Ken Higaki’s paintings exist in the uneasy space between instinct and self-awareness, where the human figure begins to absorb the qualities of the animal world not as fantasy, but as revelation. Faces emerge from darkness furred, feathered, watchful, while bodies crawl across surfaces and dissolve into shadow, as though driven by forces older than language itself. Yet despite their predatory forms, many of these figures do not project dominance. They appear hesitant, wounded, suspended in moments of psychological exposure. One senses not monsters, but beings shaped by adaptation, by fear, by the long tension between survival and intimacy.
These new paintings turn inward, toward the psyche. Desire, loneliness, shame, tenderness, and hunger become ecological forces unto themselves, reshaping the body from within. Higaki’s hybrid figures evoke folklore and myth, recalling medieval bestiaries, Japanese yokai, or the dramatic chiaroscuro of Baroque painting, yet they remain distinctly contemporary in their emotional ambiguity. At the center of the exhibition is the idea of yearning, not simply as desire, but as a condition of being. A yearning for safety, for recognition, for closeness, for escape from one’s own nature. His subjects seem to hover at the edge of transformation, carrying within them both violence and vulnerability, instinct and sorrow.
Fur, feathers, claws, traces of the animal world linger throughout the exhibition not as ornament, but as something worn close to the body. Something feared becomes warmth. Something killed becomes shelter from the cold. Higaki’s figures linger within this uneasy terrain where violence and intimacy remain tangled together, where survival softens into tenderness without ever fully losing its teeth.

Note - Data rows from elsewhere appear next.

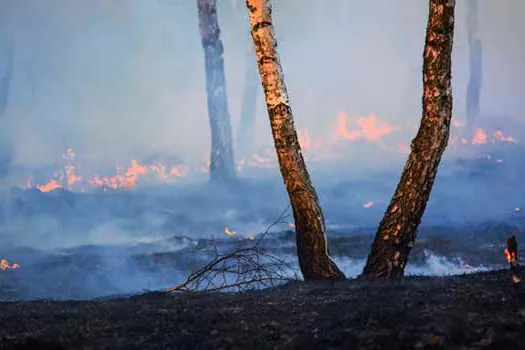 Passivo ambiental de empresas se torna fator de risco e afasta investidor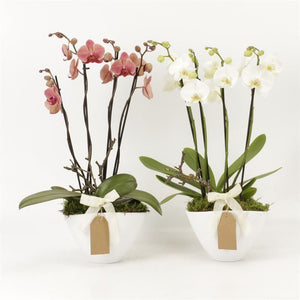 Mixed Phalaenopsis Orchid Arrangement – 22cm Pot
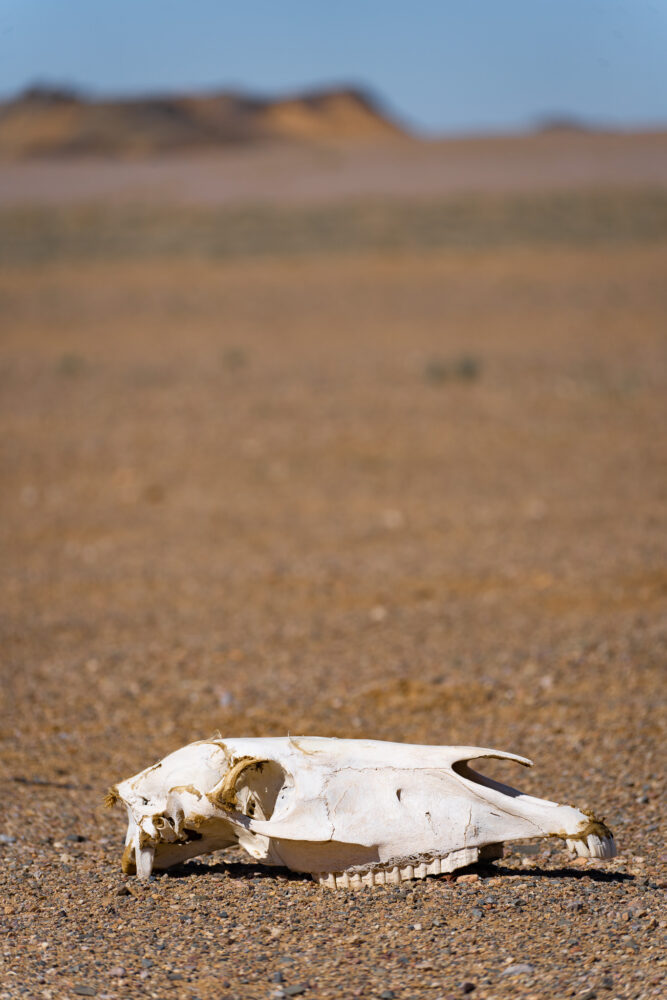 A camel skull in the sand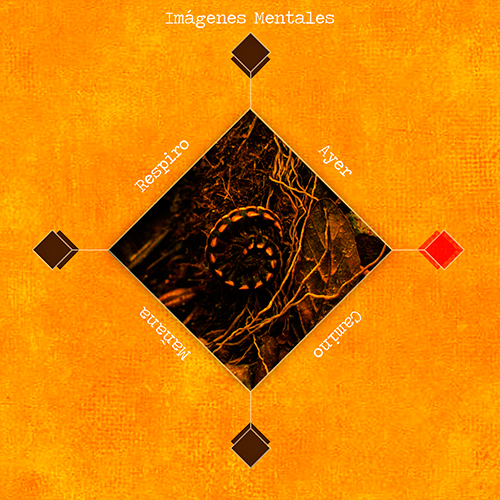ayercaminomananarespiro-cover-a
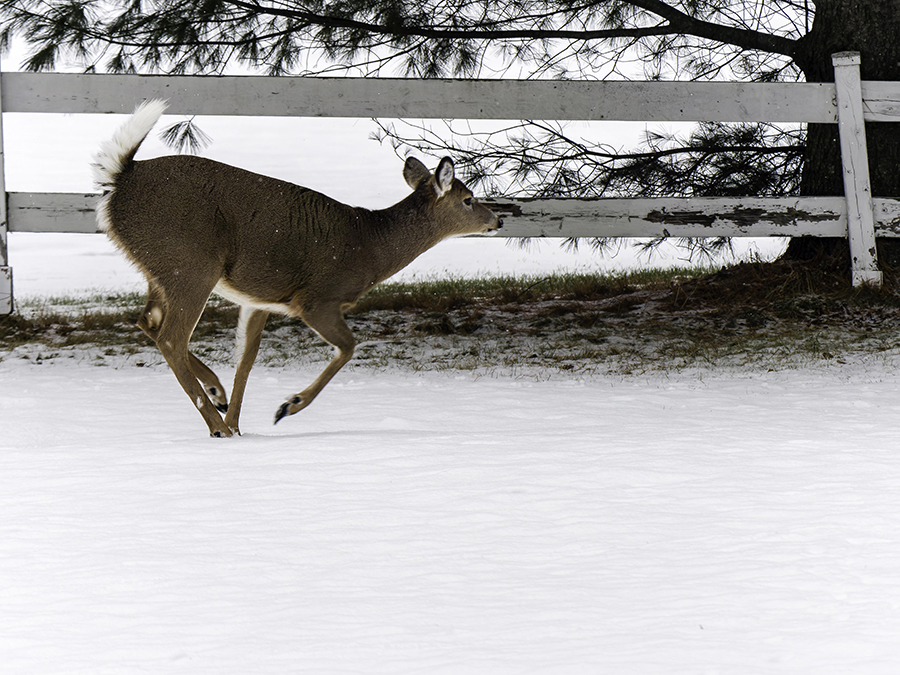 Derrière chez moi + ajout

Something restless moves beneath the surface of these paintings. Figures emerge from darkness only partially, as though the body itself were still becoming.
In Higaki’s world, the animal is not separate from the self. It is the part of us that remains alert in darkness, that hungers, retreats, protects, lashes out, and longs to be held all at once.
Ken Higaki (b. 2000, Shikoku, Japan) is a self-taught painter based in Los Angeles. His psychologically charged paintings explore the uneasy space between instinct, vulnerability, and transformation, often blurring the boundary between the human and animal worlds. Higaki has participated in residencies and exhibitions in Los Angeles and Berlin, including Studio MAXIMA and So-Too. Yearning marks his first solo exhibition in 2026, preceding a forthcoming solo presentation in Tokyo later this summer.